# WHAT THIS TASK INVOLVES
Without including any pictures, reproduce all the lines below word for word.

--- SUPPLIED MATERIAL Enclosed Below ---

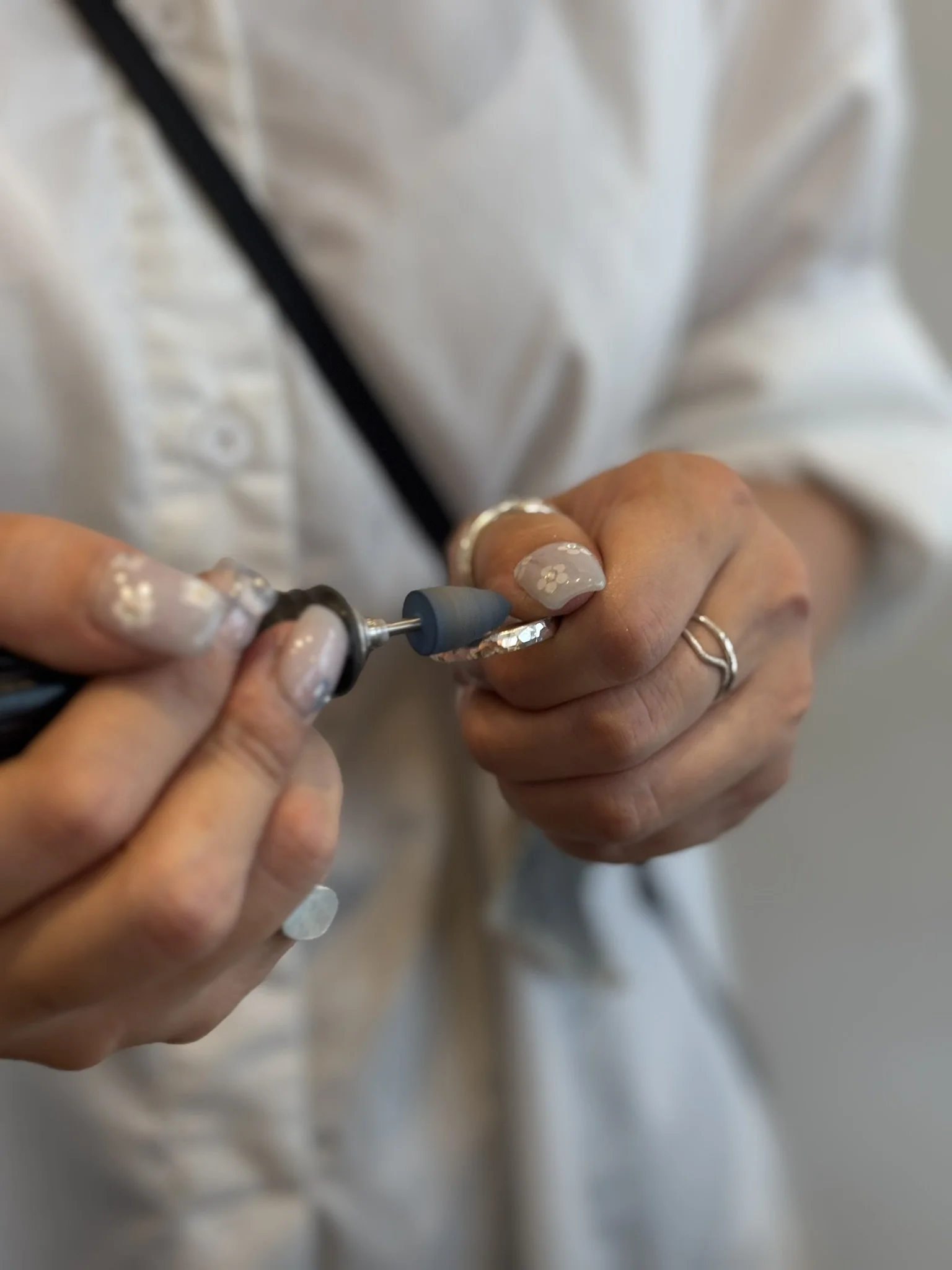 Hands holding a nail drill, preparing to file or shape a nail, with a background of a person wearing a white coat.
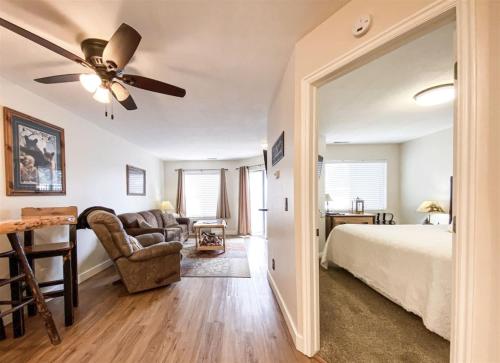 a bedroom with a bed and a ceiling fan at Inn Building Condo 113, Ground Level, Pool Side in Garden City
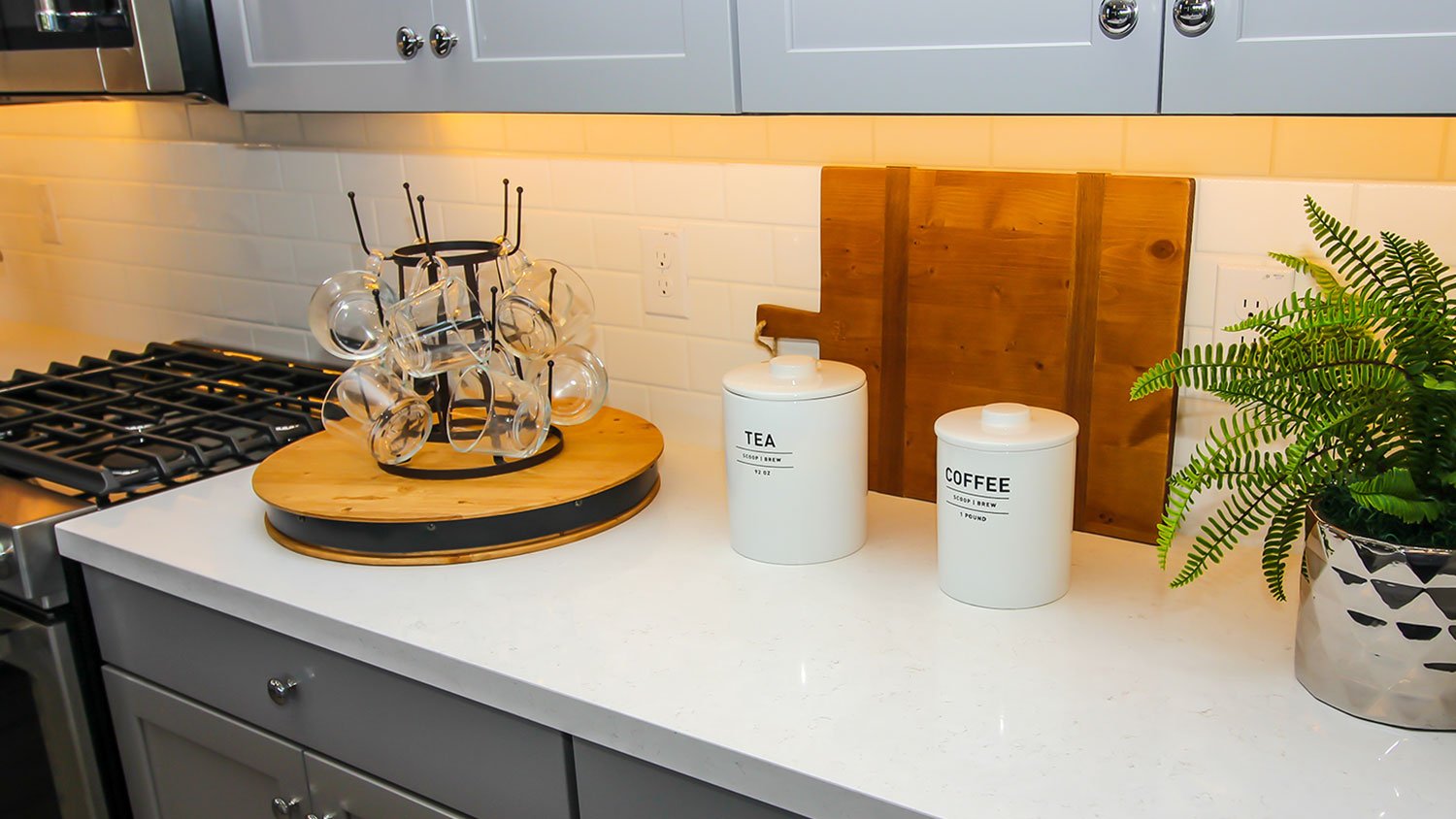 A view of mugs hanging on a turntable in a kitchen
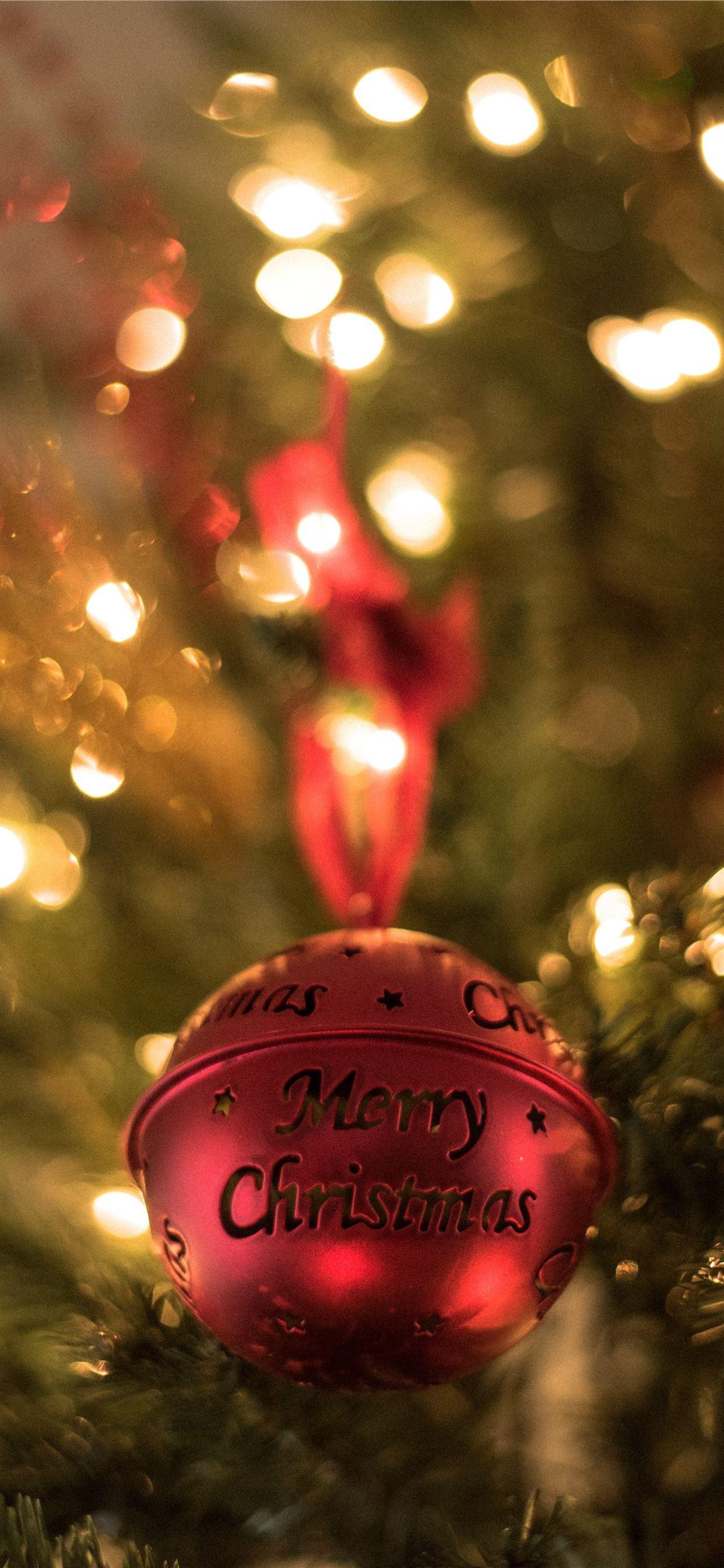 1242x2688 red Christmas bell on Christmas tree iPhone 11 Wallpaper Free Download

--- End of Enclosed SUPPLIED MATERIAL ---

# TASK ANSWER
 Hands holding a nail drill, preparing to file or shape a nail, with a background of a person wearing a white coat.
 a bedroom with a bed and a ceiling fan at Inn Building Condo 113, Ground Level, Pool Side in Garden City
 A view of mugs hanging on a turntable in a kitchen
 1242x2688 red Christmas bell on Christmas tree iPhone 11 Wallpaper Free Download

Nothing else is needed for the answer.